Leave no line out; reproduce the listing exactly.
++++ DATA SHOWN ++++
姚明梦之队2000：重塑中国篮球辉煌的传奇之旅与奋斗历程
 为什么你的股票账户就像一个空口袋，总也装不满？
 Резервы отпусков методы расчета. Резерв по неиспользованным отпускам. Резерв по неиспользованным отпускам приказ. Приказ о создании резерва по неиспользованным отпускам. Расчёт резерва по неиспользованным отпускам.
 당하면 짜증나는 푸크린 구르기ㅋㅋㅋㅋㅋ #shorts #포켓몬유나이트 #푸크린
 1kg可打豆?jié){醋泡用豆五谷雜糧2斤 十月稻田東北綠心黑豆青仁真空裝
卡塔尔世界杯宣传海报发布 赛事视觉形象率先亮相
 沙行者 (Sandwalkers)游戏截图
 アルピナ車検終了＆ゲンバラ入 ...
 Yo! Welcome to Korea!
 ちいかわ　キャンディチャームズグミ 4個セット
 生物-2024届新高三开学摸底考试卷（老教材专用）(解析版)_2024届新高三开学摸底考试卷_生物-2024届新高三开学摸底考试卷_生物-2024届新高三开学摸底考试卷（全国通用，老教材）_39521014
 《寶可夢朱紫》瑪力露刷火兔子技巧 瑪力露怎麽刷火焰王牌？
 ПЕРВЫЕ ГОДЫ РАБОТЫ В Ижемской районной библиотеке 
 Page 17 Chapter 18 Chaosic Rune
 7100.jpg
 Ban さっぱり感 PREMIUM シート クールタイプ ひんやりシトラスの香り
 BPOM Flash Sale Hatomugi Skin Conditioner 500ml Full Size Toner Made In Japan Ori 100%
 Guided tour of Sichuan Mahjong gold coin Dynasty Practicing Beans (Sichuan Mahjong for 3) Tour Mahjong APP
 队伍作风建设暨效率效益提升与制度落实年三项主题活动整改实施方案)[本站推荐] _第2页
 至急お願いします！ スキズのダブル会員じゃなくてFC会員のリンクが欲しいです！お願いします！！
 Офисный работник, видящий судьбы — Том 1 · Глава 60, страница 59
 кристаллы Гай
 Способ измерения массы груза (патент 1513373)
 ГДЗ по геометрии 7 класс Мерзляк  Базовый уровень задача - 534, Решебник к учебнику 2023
++++
#### RESPONSE
姚明梦之队2000：重塑中国篮球辉煌的传奇之旅与奋斗历程
 为什么你的股票账户就像一个空口袋，总也装不满？
 Резервы отпусков методы расчета. Резерв по неиспользованным отпускам. Резерв по неиспользованным отпускам приказ. Приказ о создании резерва по неиспользованным отпускам. Расчёт резерва по неиспользованным отпускам.
 당하면 짜증나는 푸크린 구르기ㅋㅋㅋㅋㅋ #shorts #포켓몬유나이트 #푸크린
 1kg可打豆?jié){醋泡用豆五谷雜糧2斤 十月稻田東北綠心黑豆青仁真空裝
卡塔尔世界杯宣传海报发布 赛事视觉形象率先亮相
 沙行者 (Sandwalkers)游戏截图
 アルピナ車検終了＆ゲンバラ入 ...
 Yo! Welcome to Korea!
 ちいかわ　キャンディチャームズグミ 4個セット
 生物-2024届新高三开学摸底考试卷（老教材专用）(解析版)_2024届新高三开学摸底考试卷_生物-2024届新高三开学摸底考试卷_生物-2024届新高三开学摸底考试卷（全国通用，老教材）_39521014
 《寶可夢朱紫》瑪力露刷火兔子技巧 瑪力露怎麽刷火焰王牌？
 ПЕРВЫЕ ГОДЫ РАБОТЫ В Ижемской районной библиотеке 
 Page 17 Chapter 18 Chaosic Rune
 7100.jpg
 Ban さっぱり感 PREMIUM シート クールタイプ ひんやりシトラスの香り
 BPOM Flash Sale Hatomugi Skin Conditioner 500ml Full Size Toner Made In Japan Ori 100%
 Guided tour of Sichuan Mahjong gold coin Dynasty Practicing Beans (Sichuan Mahjong for 3) Tour Mahjong APP
 队伍作风建设暨效率效益提升与制度落实年三项主题活动整改实施方案)[本站推荐] _第2页
 至急お願いします！ スキズのダブル会員じゃなくてFC会員のリンクが欲しいです！お願いします！！
 Офисный работник, видящий судьбы — Том 1 · Глава 60, страница 59
 кристаллы Гай
 Способ измерения массы груза (патент 1513373)
 ГДЗ по геометрии 7 класс Мерзляк  Базовый уровень задача - 534, Решебник к учебнику 2023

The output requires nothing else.